One of the problems that some commodity open-end funds and ETFs run into is that their investment strategy is too simple.  “Buy the front month futures contract, and roll to the second month contract before the front month expires.”  Nice, it should replicate holding the commodity itself, until a large amount of money starts to do it, and other investors recognize what a slave the funds are to their strategy.

So, what do the other investors do?  They take the opposite side of the trade early, in order to make it more expensive to do the roll.  Buy the second month contract, and short the first.  As the first gets close to maturity, cover the first, sell and then short the second, and go long the third month contract.  What a recipe to extract value out of the poor shlubs who buy into a commodity fund in order to get performance equivalent to the spot market.

Compounding Money Slowly

If you want to keep your money safe, and earn a little bit, what should you do?  Invest in a money market fund.  “Wait a minute,” some intrepid investor would say, “I can do better than that.  I don’t need all of my money for immediate liquidity.  I can ladder my funds out over a longer period.  I can invest surplus funds out to the end of my period, and earn a better yield, and over time, my funds will mature bit by bit.  I will have liquidity in a regular basis, and I will get a higher yield because yield curves slope up on average.”
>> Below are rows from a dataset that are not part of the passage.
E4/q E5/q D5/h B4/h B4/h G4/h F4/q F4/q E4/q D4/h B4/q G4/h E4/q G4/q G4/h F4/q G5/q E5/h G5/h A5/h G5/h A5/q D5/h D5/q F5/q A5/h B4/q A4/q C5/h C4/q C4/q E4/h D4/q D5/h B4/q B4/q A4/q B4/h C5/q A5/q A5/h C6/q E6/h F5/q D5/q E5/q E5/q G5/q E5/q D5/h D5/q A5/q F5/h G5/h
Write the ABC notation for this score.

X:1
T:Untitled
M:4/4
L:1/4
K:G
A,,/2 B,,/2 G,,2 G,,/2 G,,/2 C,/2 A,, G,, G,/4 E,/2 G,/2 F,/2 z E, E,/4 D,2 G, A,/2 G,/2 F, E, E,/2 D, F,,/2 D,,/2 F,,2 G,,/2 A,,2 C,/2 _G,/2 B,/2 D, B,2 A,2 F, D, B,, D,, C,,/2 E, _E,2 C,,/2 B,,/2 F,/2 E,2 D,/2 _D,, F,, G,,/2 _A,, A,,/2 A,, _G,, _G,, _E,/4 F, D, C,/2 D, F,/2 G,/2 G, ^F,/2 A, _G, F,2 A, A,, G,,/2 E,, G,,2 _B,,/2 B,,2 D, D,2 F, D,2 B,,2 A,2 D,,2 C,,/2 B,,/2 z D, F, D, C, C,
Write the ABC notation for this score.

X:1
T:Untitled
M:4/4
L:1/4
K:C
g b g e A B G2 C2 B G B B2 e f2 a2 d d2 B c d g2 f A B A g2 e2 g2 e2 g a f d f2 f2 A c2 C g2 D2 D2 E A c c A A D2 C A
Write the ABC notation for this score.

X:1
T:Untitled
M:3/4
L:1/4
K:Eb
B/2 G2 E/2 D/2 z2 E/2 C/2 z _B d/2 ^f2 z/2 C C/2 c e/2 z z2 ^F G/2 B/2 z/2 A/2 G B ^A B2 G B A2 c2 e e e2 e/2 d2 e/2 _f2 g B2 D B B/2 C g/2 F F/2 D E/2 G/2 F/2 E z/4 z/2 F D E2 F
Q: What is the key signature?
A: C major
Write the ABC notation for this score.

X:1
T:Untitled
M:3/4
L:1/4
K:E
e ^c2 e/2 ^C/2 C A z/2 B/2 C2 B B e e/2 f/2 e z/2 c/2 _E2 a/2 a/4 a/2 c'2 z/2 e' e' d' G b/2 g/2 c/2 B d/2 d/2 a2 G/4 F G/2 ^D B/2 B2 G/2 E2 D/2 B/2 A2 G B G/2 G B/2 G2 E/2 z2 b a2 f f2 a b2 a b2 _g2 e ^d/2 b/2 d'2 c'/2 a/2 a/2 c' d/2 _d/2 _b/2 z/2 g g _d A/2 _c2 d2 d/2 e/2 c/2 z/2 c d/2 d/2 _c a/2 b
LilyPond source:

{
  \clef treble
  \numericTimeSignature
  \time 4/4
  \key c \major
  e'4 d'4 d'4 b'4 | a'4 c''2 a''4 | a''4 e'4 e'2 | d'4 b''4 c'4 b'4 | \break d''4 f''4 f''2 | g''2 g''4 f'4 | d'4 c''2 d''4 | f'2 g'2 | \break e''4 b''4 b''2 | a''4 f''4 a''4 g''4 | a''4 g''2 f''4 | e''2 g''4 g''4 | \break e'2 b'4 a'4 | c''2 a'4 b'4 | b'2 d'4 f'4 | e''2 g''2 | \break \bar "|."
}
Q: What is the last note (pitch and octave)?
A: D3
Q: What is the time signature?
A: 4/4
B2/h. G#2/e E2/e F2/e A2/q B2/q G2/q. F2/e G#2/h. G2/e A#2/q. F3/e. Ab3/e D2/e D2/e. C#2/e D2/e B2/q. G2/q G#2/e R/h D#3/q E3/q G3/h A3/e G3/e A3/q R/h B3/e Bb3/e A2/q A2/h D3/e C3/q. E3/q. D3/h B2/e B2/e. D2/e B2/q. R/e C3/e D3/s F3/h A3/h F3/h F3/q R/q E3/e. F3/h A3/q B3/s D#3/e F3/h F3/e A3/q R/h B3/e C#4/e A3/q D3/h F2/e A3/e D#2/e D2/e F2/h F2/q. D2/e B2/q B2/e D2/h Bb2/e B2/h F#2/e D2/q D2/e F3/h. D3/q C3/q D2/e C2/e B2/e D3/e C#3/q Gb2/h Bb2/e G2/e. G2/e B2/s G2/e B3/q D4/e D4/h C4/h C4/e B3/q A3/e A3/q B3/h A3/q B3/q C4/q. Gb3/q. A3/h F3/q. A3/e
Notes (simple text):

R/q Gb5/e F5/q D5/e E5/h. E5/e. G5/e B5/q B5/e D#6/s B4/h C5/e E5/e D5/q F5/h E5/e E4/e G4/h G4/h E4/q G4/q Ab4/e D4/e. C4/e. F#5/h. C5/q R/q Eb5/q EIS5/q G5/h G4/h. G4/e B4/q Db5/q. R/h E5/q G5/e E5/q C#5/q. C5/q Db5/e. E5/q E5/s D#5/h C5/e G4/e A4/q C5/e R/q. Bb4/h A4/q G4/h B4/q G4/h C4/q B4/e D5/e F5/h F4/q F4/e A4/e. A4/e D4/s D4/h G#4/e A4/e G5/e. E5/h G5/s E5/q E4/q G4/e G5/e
Leaving aside the wrap agreements that a stable value fund buys, stable value funds build a bond ladder with and average maturity of 1.0 to 4.5 years.  Commonly, it averages around 2.0 years.

The funds could invest everything short and give up yield.  That would give them certainty, but lose yield.  That is what the commodity funds are doing.

What could go wrong?  There could be a large demand to withdraw funds when longer-dated contracts are priced below amortized cost, and the fund might not be able to meet all withdrawal requests.  So far that has not happened with stable value funds.

The Fusion Solution

Whether in war or in business, it is not wise to be too predictable; opponents will take advantage of you.  In this particular example, I would urge commodity funds to look at their liquidity needs over the next month, and leave an amount maturing in the next three months equal to 4-6x that amount.  Then spread the remainder of funds according to advantage, looking at the tradeoff of time into the future versus yield of the futures contracts versus spot.  Longer dated futures do not move as tightly with the spot markets, but they often offer more yield.

Ideally, a commodity fund ends up looking like a bond ladder, and as excess funds mature, they don’t get invested in the new front month contract, instead, they get invested in the longer dated contracts, near the end of the ladder, as a stable value fund would do.

This maximizes returns for the bond/stable value funds, and I believe it would work for commodity funds as well.  Please pass this on to those who might benefit from it.

A Closing Aside:

Back in the late 90s, I ran one of my interest rate models to try to determine what the best investment strategy would be.  I found that the humble bond ladder was almost always the second best strategy, regardless of the scenario, because it was always throwing off cash that could be reinvested out to the end of the ladder.

Again, please pass this along, and commodity fund managers that don’t get this, please e-mail me.  I will help you.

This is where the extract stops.